Chapter 12
Summary: When she is not tending to Clifford, Phoebe takes time for herself , and one person in whose company she spends time is Holgrave. Holgrave tells her at length about his life, indicating that his current work as a Daguerreotype artist is "of no more importance" than any proceeding "phase." Phoebe is made uneasy by her clear sense that the adventurous and free-thinking Holgrave answers to different standards than her own. She is also surprised at Holgrave's interest in Clifford and the Pyncheon family. And while he dismisses the House of the Seven Gables as an unwanted, burdensome remnant of the past that "lies upon the Present like a giant's dead body," he has also written a story for a magazine about the House and its former occupants-a story that forms the next chapter.

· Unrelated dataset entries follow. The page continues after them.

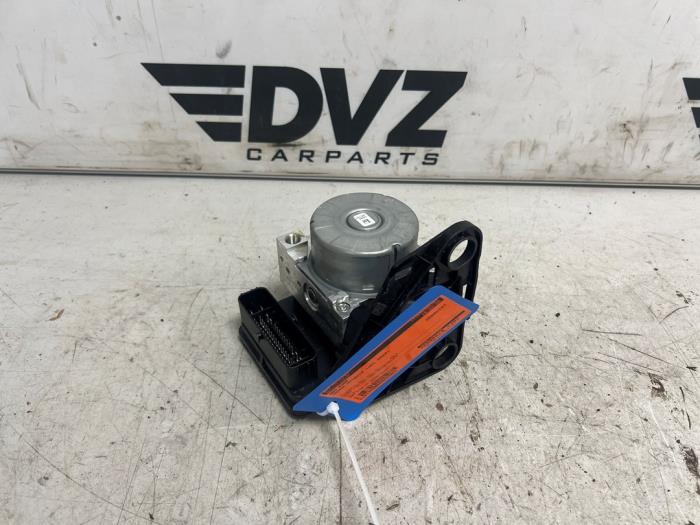Gebruikte ABS Pomp Skoda Octavia Combi (NXAC) Prijs € 249,99 Inclusief btw aangeboden door DVZ Carparts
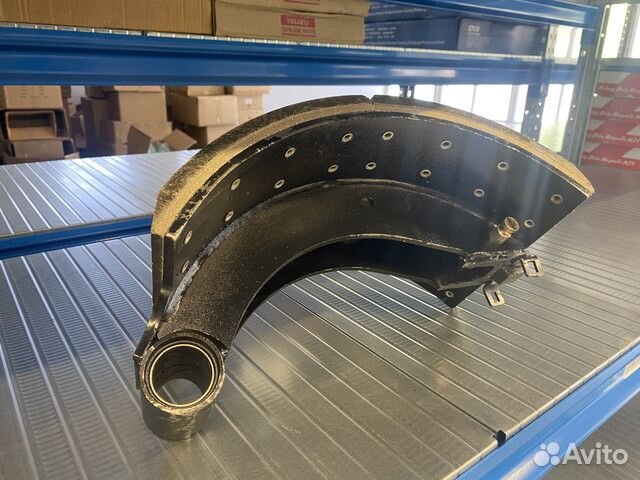Колодка тормозная заднего моста левая задняя 1-471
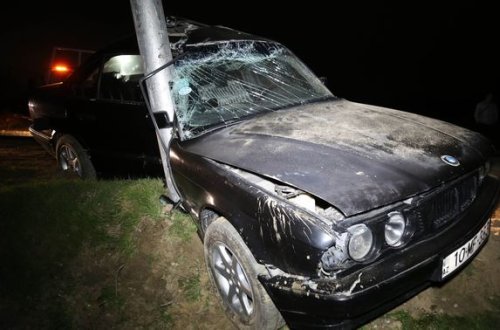 Avtomobil elektrik dirəyinə çırpıldı, sakinlər işıqsız qaldı – FOTO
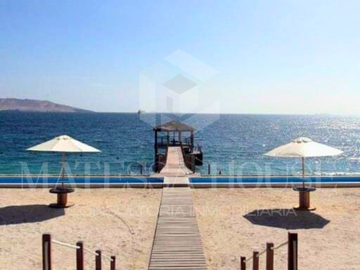 SE VENDE - CASA DE TRES NIVELES EN CONDOMINIO NAUTICO, PARACAS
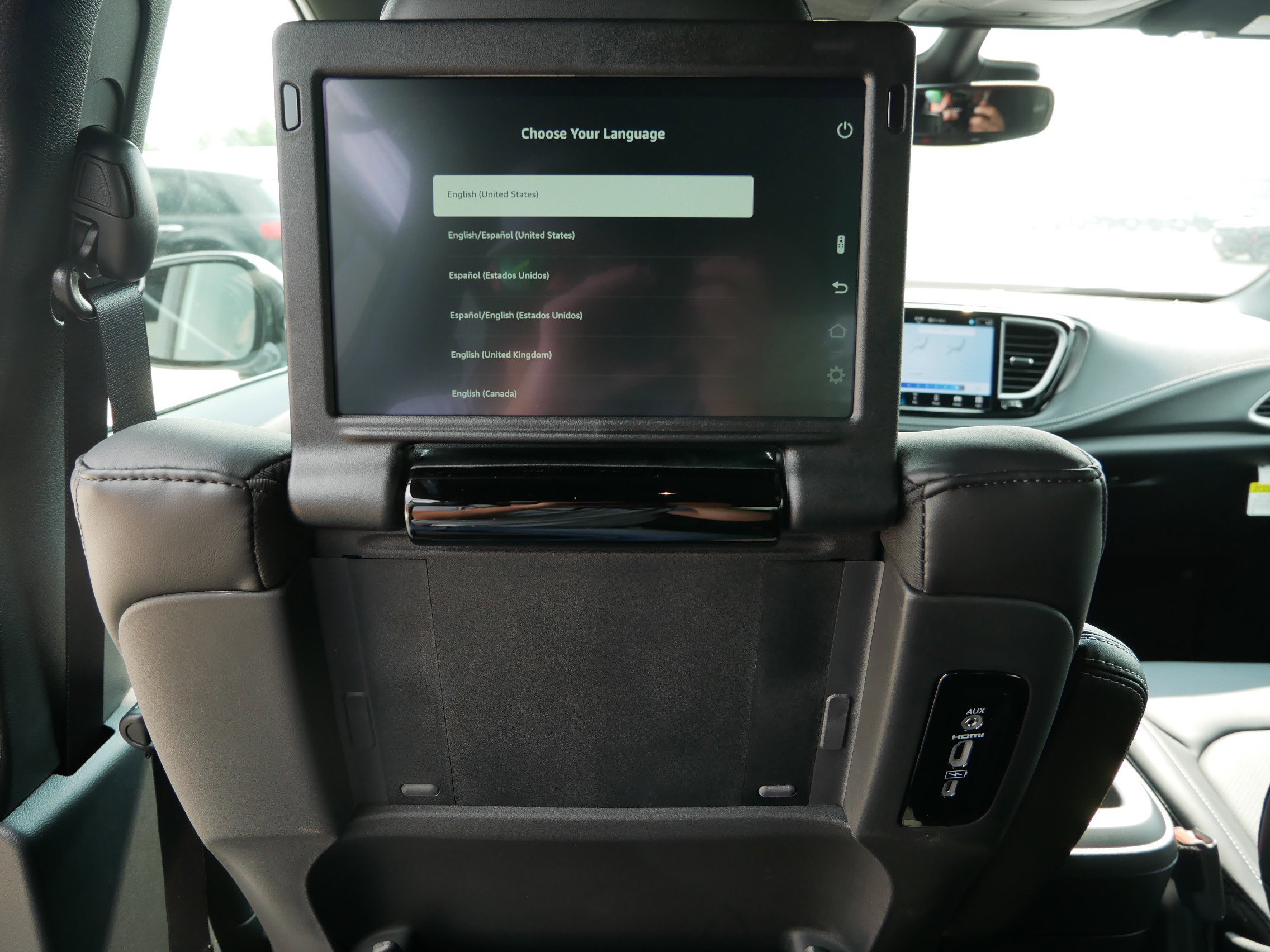 2025 Chrysler Pacifica Select - Photo 14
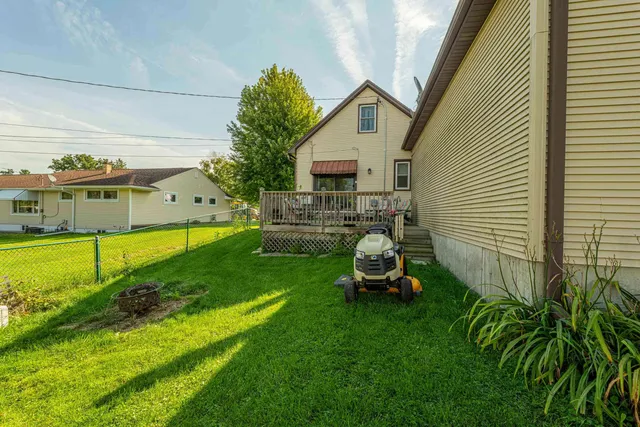 $262,500 | 2113 11th Street, Monroe, WI 53566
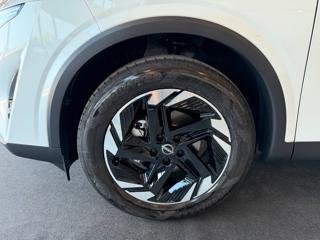NISSAN Qashqai usata, con Autoradio
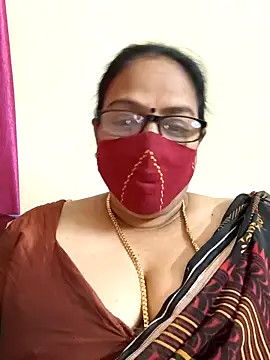 Snapshot of heera-rani chatting on April 2026 06:00:02 AM heera-rani online show from April 2026 06:00:02 AM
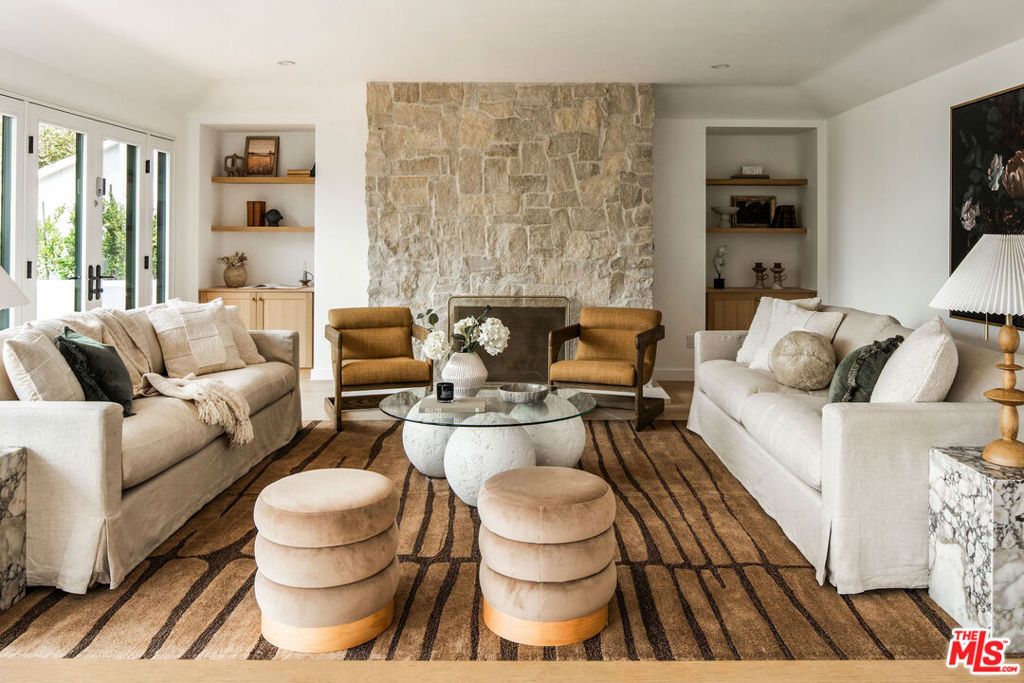 Photo of 8819 Evanview Drive, Los Angeles, CA 90069 (MLS # 25593165)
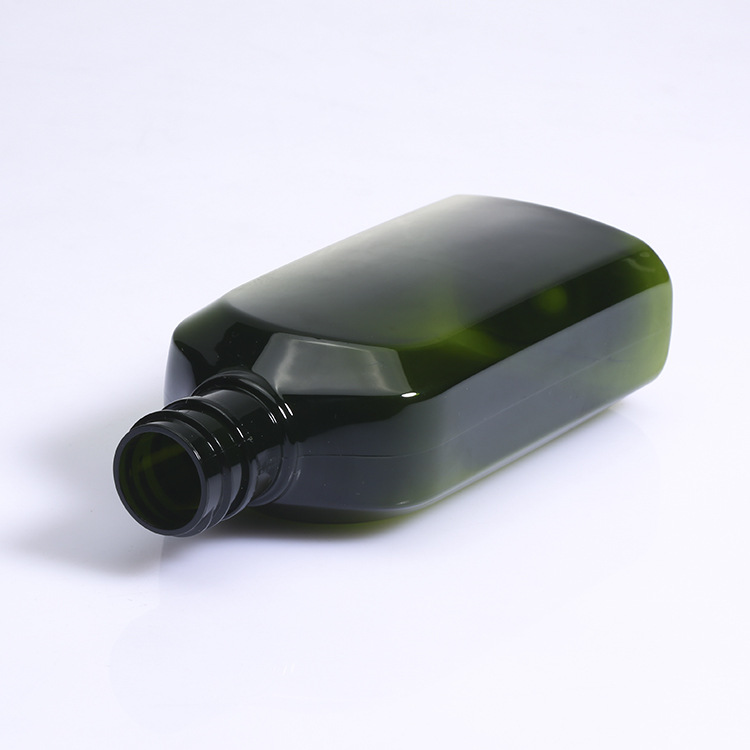 100ml PET Bottle.jpg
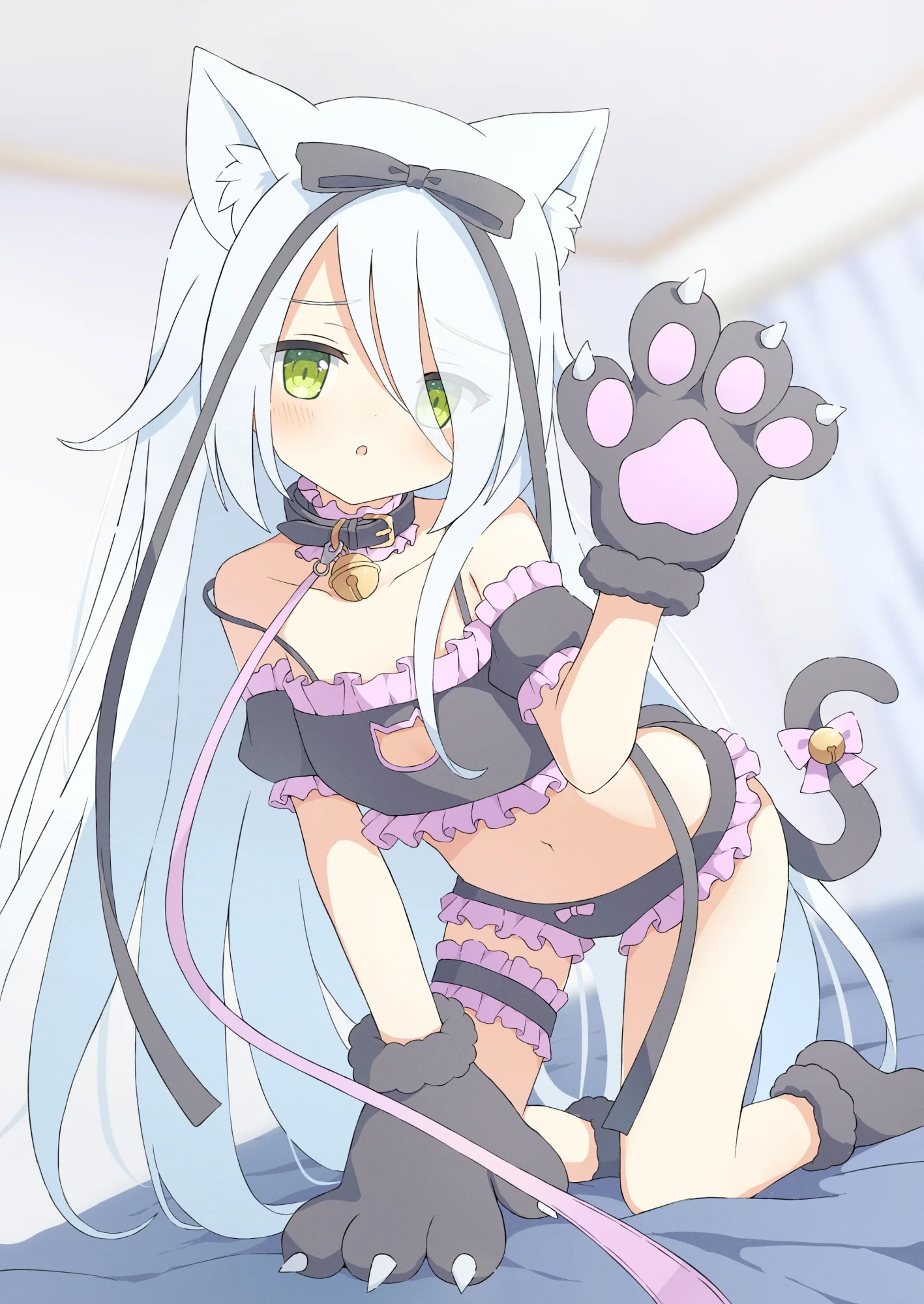 v-821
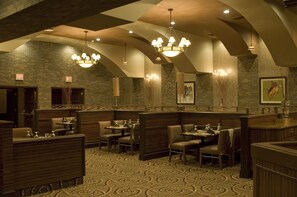 2 restaurants; breakfast, lunch, dinner, and brunch served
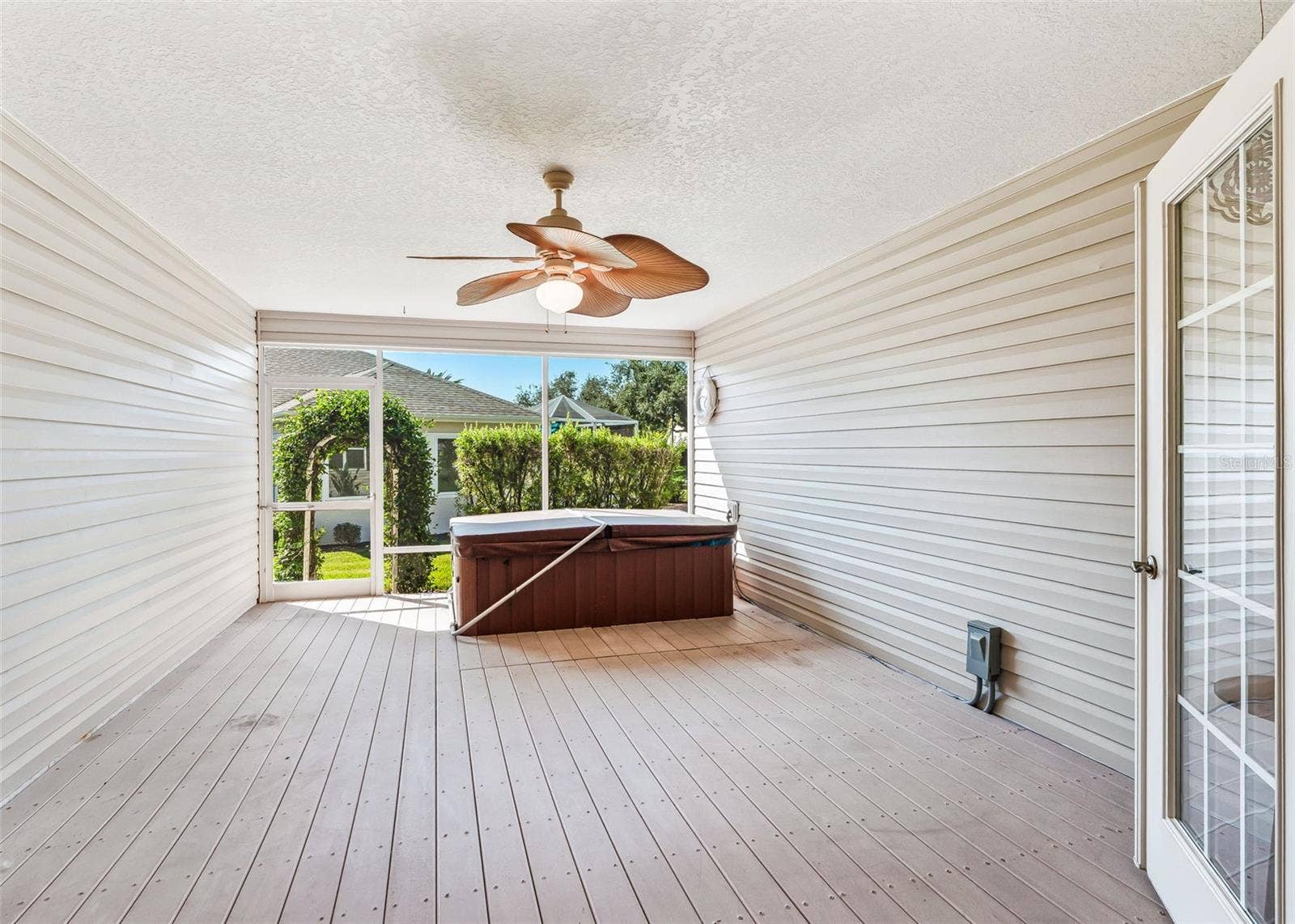 2762 MORVEN PARK WAY, The Villages, FL 32162 Screened-In Lanai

Analysis: The narrator takes pains to assure us that, for as many times as Holgrave has moved and has switched occupations, he has "never lost his identity." In many ways, Holgrave exemplifies the American dream-or perhaps, at least, Hawthorne's conception of that dream-of reinventing oneself in a new place, in new circumstances. A free-thinker himself, as illustrated by his participation in Brook Farm, Hawthorne understandably attempts to present Holgrave in a sympathetic manner. Nonetheless, he is also able to regard Holgrave with a wiser and more experienced eye than the character has himself: for example, the narrator's comment that Holgrave "could talk sagely about the world's old age, but never actually believed in what he said." From the narrator's comments, readers might infer that Hawthorne approves of Holgrave's youthful enthusiasm to reshape the world, but allows "inevitable experience" and wisdom learned later to temper that enthusiasm in himself. The chapter could be seen, in many respects, as Hawthorne's sober reflection upon himself in his youth. (Note that Holgrave has even written stories for magazines to which Hawthorne himself also contributed!) Holgrave wishes to be rid of everything old; Hawthorne, in contrast, can sympathize with those desires, but seems to occupy the other extreme, suggesting, through his narrative persona, that those desires can never be fully realized. Interestingly, the fact that Holgrave's short story (found in Chapter 13) is about the House and the Pyncheons of the past indicates that not even this forward-looking young man can escape what has gone before. Readers may well ask why the artist has chosen that history for his theme. He tells Phoebe he dwells in the past (literally, by residing in the House) "for a while, that I may know the better how to hate it," that his story is meant simply to prove his theory about the pernicious influence of the past-yet readers may wonder if Holgrave thinks, feels, and knows more than he admits to her; after all, the narrator has already told us that Phoebe regards Holgrave as a somewhat distant observer rather than a full participant in the domestic life of the House.
Holgrave seems to embody the American experiment of putting the past aside (for example, "the artist might fitly enough stand forth as the representative of many compeers in his native land"), forging new institutions and a new way of life-but the narrator's benevolent but better-knowing treatment of Holgrave's passion raises questions about the extent to which such a complete break with the past is possible. To be sure, as has been noted several times, that question forms one of the book's central thematic concerns: How much should and does the past shape the present, and how free are we to reshape our lives for ourselves?